Goal of the exercise -> Go to the line containing "Vector silhouette illustration" below; retype it and all following lines exactly, and leave out the pictures.

Material for this task ->
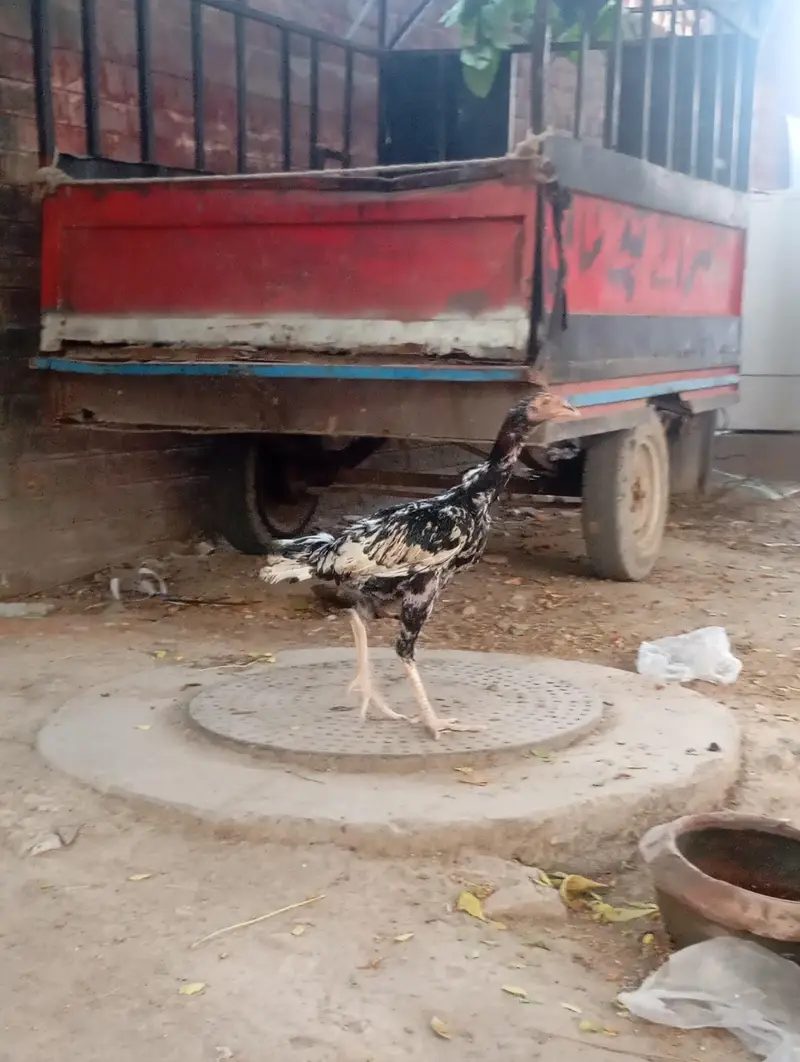 Urgent sales Aseel Chicks — photo 8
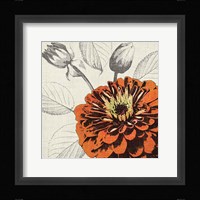 A Touch of Color I Fine Art Print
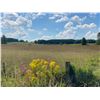 Image 5 : 112 ACRES OF QUALITY FARM LAND
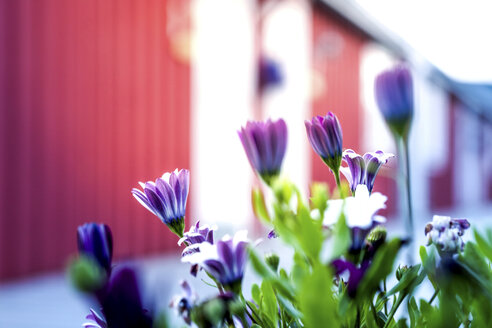 Norwegen, Lofoten, Vestvagoey, Kabelvag, Blumen im Vordergrund der traditionellen Rorbuer-Häuser - PUF000028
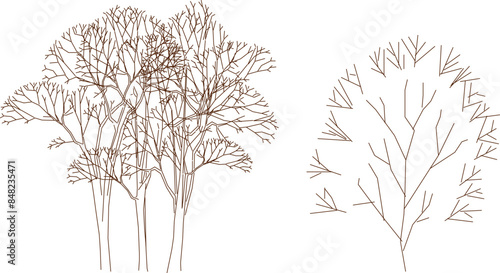 Vector silhouette illustration sketch detailed artistic tree plant design with lots of leaves and twigs for completeness of the image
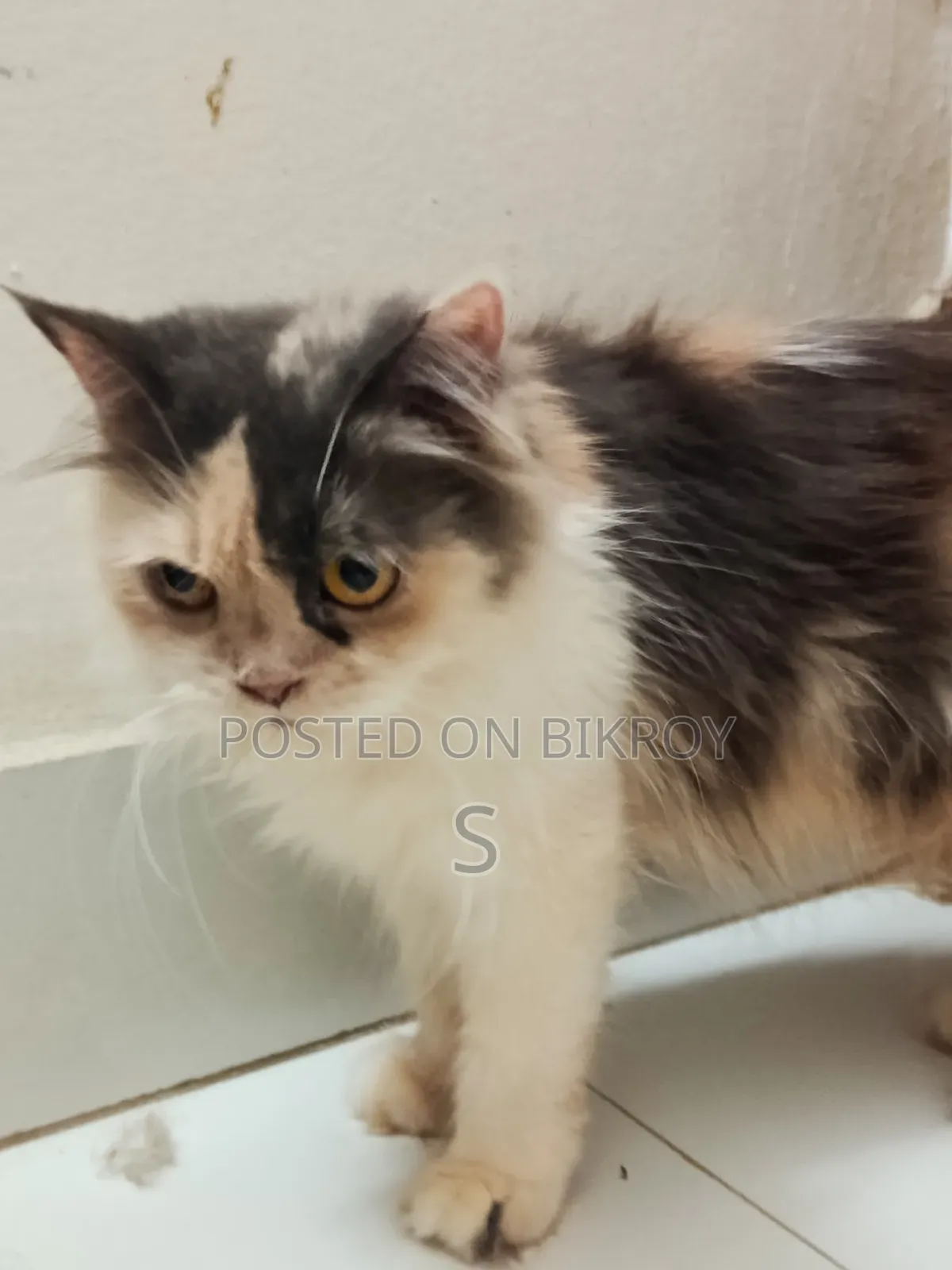 6-12 months Female Purebred Persian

Result ->
 Vector silhouette illustration sketch detailed artistic tree plant design with lots of leaves and twigs for completeness of the image
 6-12 months Female Purebred Persian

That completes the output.